▶ _Your objective_
Find the line with "309 Henry Street image 3 of 10" in the entries below. Repeat it, every following line, and the line with "5972 109th Ave, Pullman, MI 49450 photo 8", exactly and with nothing added.

▶ _Supplied material_
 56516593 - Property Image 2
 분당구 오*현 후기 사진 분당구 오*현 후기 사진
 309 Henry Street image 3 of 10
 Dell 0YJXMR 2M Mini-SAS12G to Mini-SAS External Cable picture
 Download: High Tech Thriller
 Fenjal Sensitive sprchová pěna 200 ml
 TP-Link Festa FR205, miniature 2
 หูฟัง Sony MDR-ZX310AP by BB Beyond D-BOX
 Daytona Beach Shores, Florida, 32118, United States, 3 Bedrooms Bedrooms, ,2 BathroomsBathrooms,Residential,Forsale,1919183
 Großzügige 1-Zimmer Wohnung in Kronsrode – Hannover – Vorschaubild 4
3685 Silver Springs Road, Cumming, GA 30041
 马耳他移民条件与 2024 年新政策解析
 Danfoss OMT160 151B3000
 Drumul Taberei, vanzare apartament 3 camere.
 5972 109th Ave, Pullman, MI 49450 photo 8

* * *

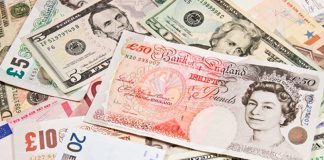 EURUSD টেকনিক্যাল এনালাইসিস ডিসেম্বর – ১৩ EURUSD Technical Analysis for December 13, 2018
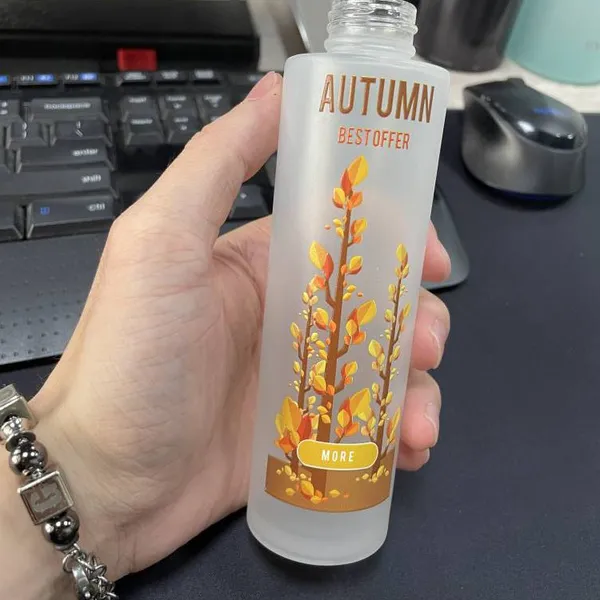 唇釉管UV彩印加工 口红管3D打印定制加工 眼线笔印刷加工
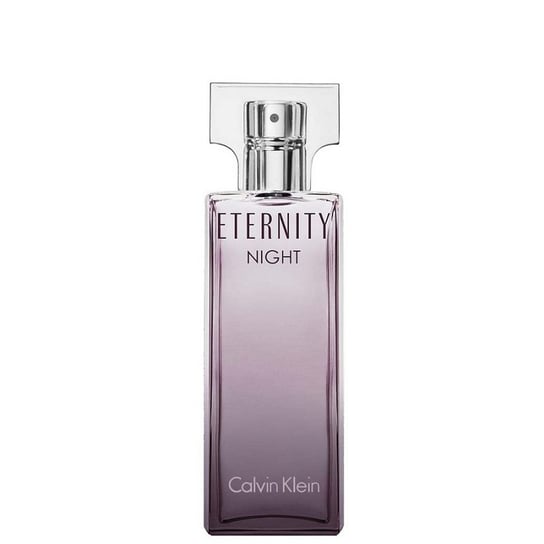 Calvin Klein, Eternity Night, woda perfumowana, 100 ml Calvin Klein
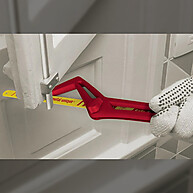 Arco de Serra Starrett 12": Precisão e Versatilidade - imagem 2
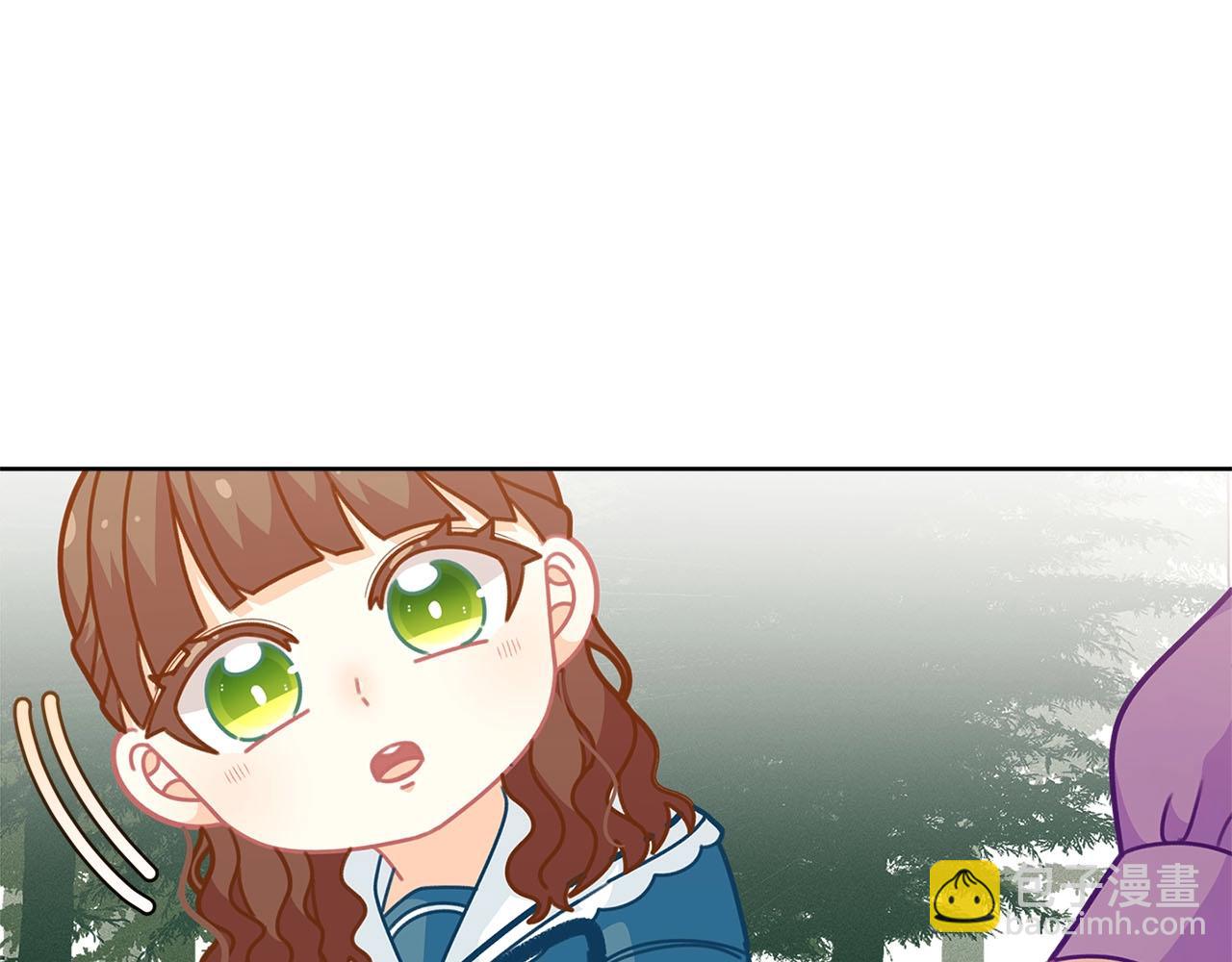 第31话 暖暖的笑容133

▶ _Result_
 309 Henry Street image 3 of 10
 Dell 0YJXMR 2M Mini-SAS12G to Mini-SAS External Cable picture
 Download: High Tech Thriller
 Fenjal Sensitive sprchová pěna 200 ml
 TP-Link Festa FR205, miniature 2
 หูฟัง Sony MDR-ZX310AP by BB Beyond D-BOX
 Daytona Beach Shores, Florida, 32118, United States, 3 Bedrooms Bedrooms, ,2 BathroomsBathrooms,Residential,Forsale,1919183
 Großzügige 1-Zimmer Wohnung in Kronsrode – Hannover – Vorschaubild 4
3685 Silver Springs Road, Cumming, GA 30041
 马耳他移民条件与 2024 年新政策解析
 Danfoss OMT160 151B3000
 Drumul Taberei, vanzare apartament 3 camere.
 5972 109th Ave, Pullman, MI 49450 photo 8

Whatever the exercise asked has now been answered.